At 12:15 p.m. Tuesday in Grovetown and just minutes later in Harlem, if spectators lining the course of the 2006 Ford Tour de Georgia had blinked, they might have missed the whole thing.
Eyes wide open, 100 or more pupils cheering from a grassy hill in front of Grovetown Middle School and about 2,000 people lining the streets of Harlem got their glimpse, albeit brief, of the event's speeding cyclists.
"It was pretty cool," said Dalton Taylor, a 14-year-old eighth-grader at Grovetown Middle.
About 120 cyclists representing 15 teams and nearly 20 countries sped through southern Columbia County on their way to Macon and the finish of the first stage of this year's tour.
The pelaton came into view from the east of Grovetown Middle on Harlem Grovetown Road and shot past the cheering students in a matter of seconds. Still, it was enough to impress Dalton, who said he was amazed by the speed and precision of the riders.

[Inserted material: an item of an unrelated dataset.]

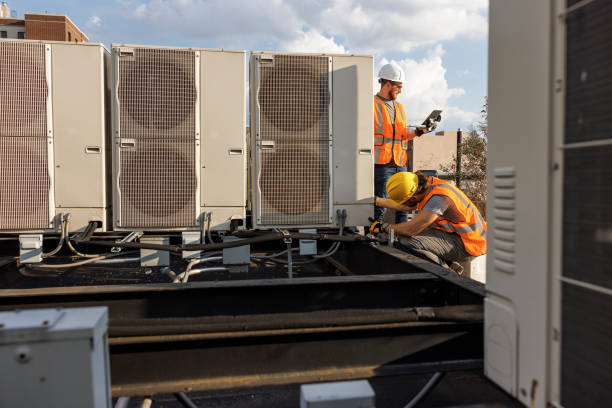 Ductless HVAC Repair in Mount Pleasant, PA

"They have good sportsmanship," he said. "They keep it fast and don't get in any wrecks."
His teacher, Robin Evans, also marveled at their speed.

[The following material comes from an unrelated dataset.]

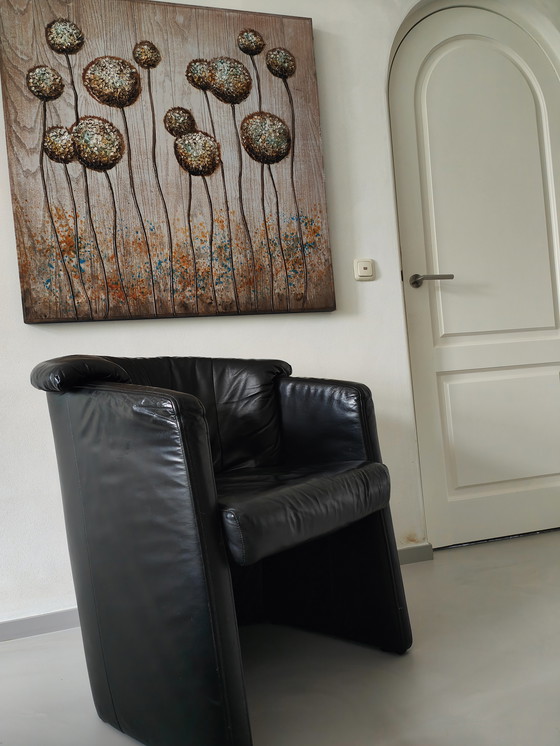 Image 1 of Poltrona o Rolf Benz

"It was great. They were moving so fast in perfect rhythm," said Evans, whose classes have watched the race from the hill for two years.

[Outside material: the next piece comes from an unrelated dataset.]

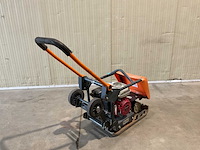 2019 altrad fc3612e trilplaat - afbeelding 2 van  5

From Grovetown, the cyclists rolled into Harlem, where Mayor Scott Dean said the blur of the speeding pelaton was "the fastest 30 seconds in Harlem." Spectator turnout in Harlem for this year's tour was lower than in past years because the race coincided with standardized testing in some of the public schools, Dean said. Last year, Harlem city officials estimated about 3,500 people watched the race within the city limits.
The race was still impressive, he said.
"They came flying through and everything looked good," Dean said.
The Tour de Georgia, which wraps up today in the northern Atlanta suburb of Alpharetta, is a six-stage, 600-mile open-road race that winds through the piedmont and north Georgia mountains. Within the sport of cycling, the tour is seen as the precursor to the Tour de France.